I changed my mind on what comes “after” AI automation. I used to think it would be (agent) management, but now I think it’ll be distributed allocation and safe conditions.

This is a thinking snapshot on the (current) evolution of AI, from the perspective of a software person, argued out loud against Claude — which brought up some compelling counter-arguments, a few of which are quoted below.

Starting from “After Automation”

It started when I read Dan Shipper’s article, “After Automation”. Shipper’s argument is that AI progress creates more work for humans, not less.

In short, his thesis is that AI commoditizes yesterday’s competence → output floods → sameness → demand for difference → demand for experts.

“More work for humans, not less.”

At the core of his thesis, is a frame/framer formulation. Essentially, a benchmark freezes a problem into a measurable frame; the model climbs it; the human is the framer who supplies the next frame. The AI model catches the frame, never the framer.
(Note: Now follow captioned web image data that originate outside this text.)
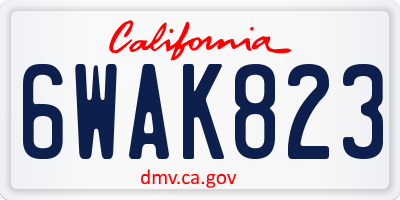 CA license plate 6WAK823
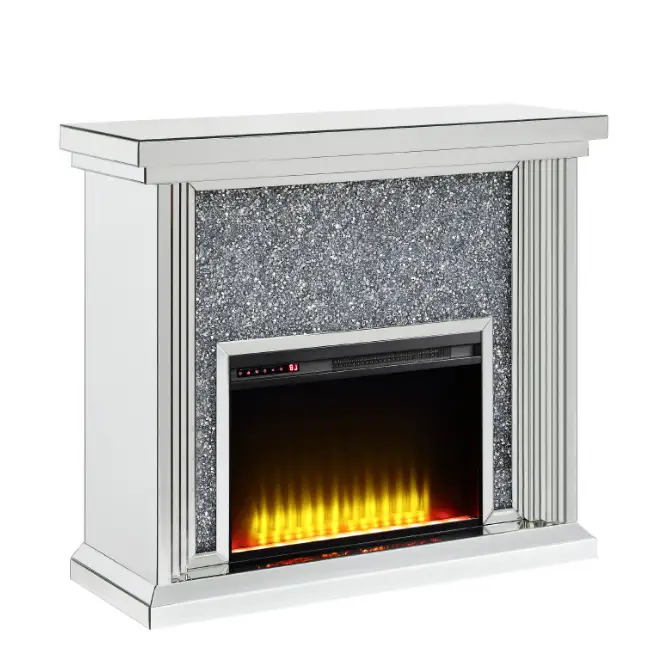 Noralie Mirrored & Faux Diamonds Fireplace by HouseOfZazla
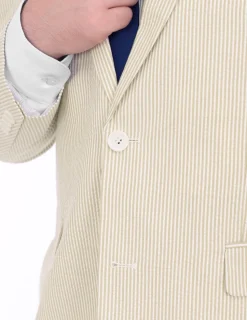 Emigre Classic Fit Tan Pinstriped Two Button Cotton Seersucker Blazer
Shipper shows the frame exists and currently comes from a human, but I didn’t see a compelling argument for why framing needs more humans, rather than less. “There’s always a frame above” doesn’t establish value or headcount.

Why I agree with Shipper, intuitively

Intuitively, I 100% agree with Shipper.

I’ve argued before that there is no one-size-fits-all with AI, just like there is no one-size-fits-all with humans, and products, and that is why companies hire software engineers to adapt to their own unique situations, they don’t just buy SaaS and call it a day. More software meant more need for software engineers, which created more frameworks, more tools, which created a need for more software engineers, even before AI.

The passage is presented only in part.